Additionally, the first pins 26 and second pins 30 are fixedly, or non-movably, retained within the dual plug component 14 having approximately a 90° orientation relative to each other. That is, the first and second pins 26 and 30 are fixedly, or non-movably, retained in the dual plug component 14 such that there is a fixed angle of approximately 90° between any one of the first pins 26 and any one of the second pins 30. Accordingly, the first and second pins 26 and 30 can not be moved within dual plug component 14 and the approximately 90° angle relationship between the first pins 26 and the second pins 30 can not be altered. Only the pivotal orientation of the dual plug component 14 about the X axis can be altered when pivoting the dual plug component 14 between the first charging position (e.g., FIG. 1A) and the second charging position (e.g., FIG. 1B). Therefore, regardless of the pivotal position of the dual plug component 14 about the axis X, the approximately 90° angle between the first and second pins 26 and 30 will be maintained.

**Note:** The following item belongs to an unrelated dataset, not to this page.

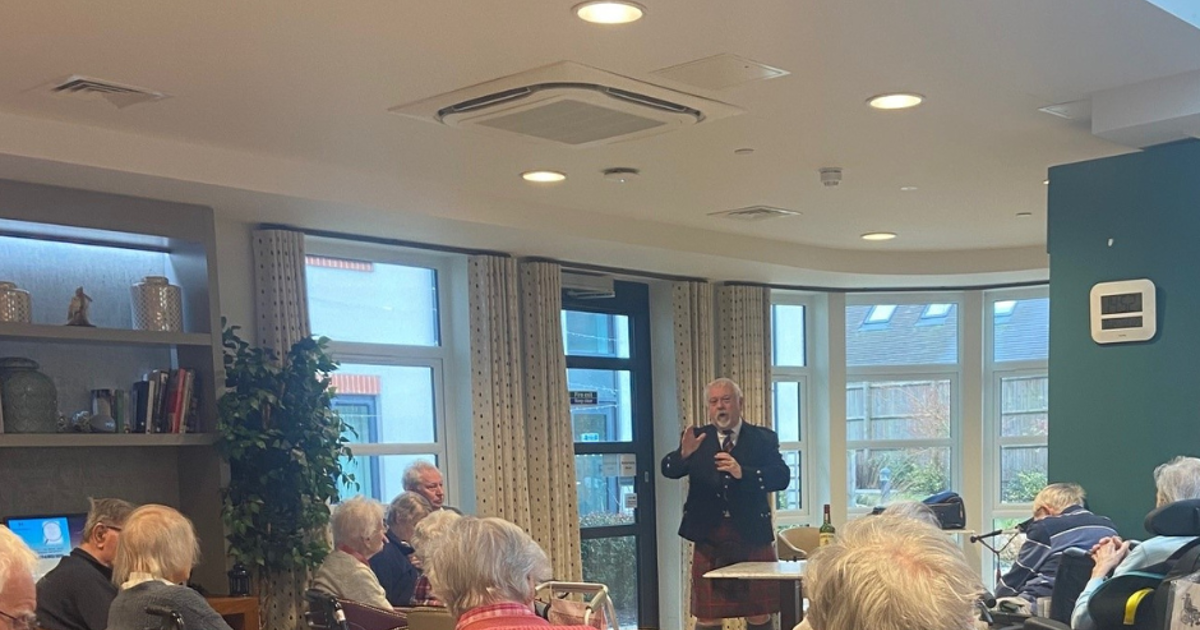Bagpipes for Burns Night at Chawley Grove Care Home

The dual plug component 14 is additionally structured to electrically connect with a pair of charging contacts 34 located in a bottom of the plug reservoir 22. When the dual plug component 14 is pivotally positioned in the first charging position, distal end portions 38 of tails 42 of the first pins 26 (shown and described below with regard to FIGS. 2 and 3) make electrical contact with the charging contacts 34, thereby providing electrical continuity between heads 46 of the first pins 26 and the contacts 34. Additionally, when the dual plug component 14 is pivotally positioned in the second charging position, distal end portions 50 of tails 54 of the second pins 30 (shown and described below with regard to FIGS. 2 and 3), make electrical contact with the charging contacts 34, thereby providing electrical continuity between heads 58, thereby providing electrical continuity between heads 58 of the second pins 30 and the contacts 34.
To accommodate and safely stow the first pins 26 when the dual plug component 14 is pivotally oriented in the second position (shown in FIG. 1B), the plug reservoir 22 includes a set of first pin pockets 70. More particularly, when the dual plug component 14 is pivoted into the second position, the first pins 26 are stowed within the first pin pockets 70, below a face 74 of the charging unit 18. Stowing the first pins 26 within the first pin pockets 70, below the charging unit face 74 prevents the first pins 26 from interfering with insertion of the second pins 30 into a corresponding second type of electrical supply receptacle. Similarly, to accommodate and safely stow the second pins 30 when the dual plug component 14 is pivotally oriented in the first position (shown in FIG. 1A), the plug reservoir 22 includes a set of second pin pockets 78. Accordingly, when the dual plug component 14 is pivoted into the first position, the second pins 30 are stowed within the second pin pockets 78, below the face 74 of the charging unit 18. Stowing the second pins 30 within the second pin pockets 78, below the charging unit face 74 prevents the second pins 30 from interfering with insertion of the first pins 26 into a corresponding first type of electrical supply receptacle.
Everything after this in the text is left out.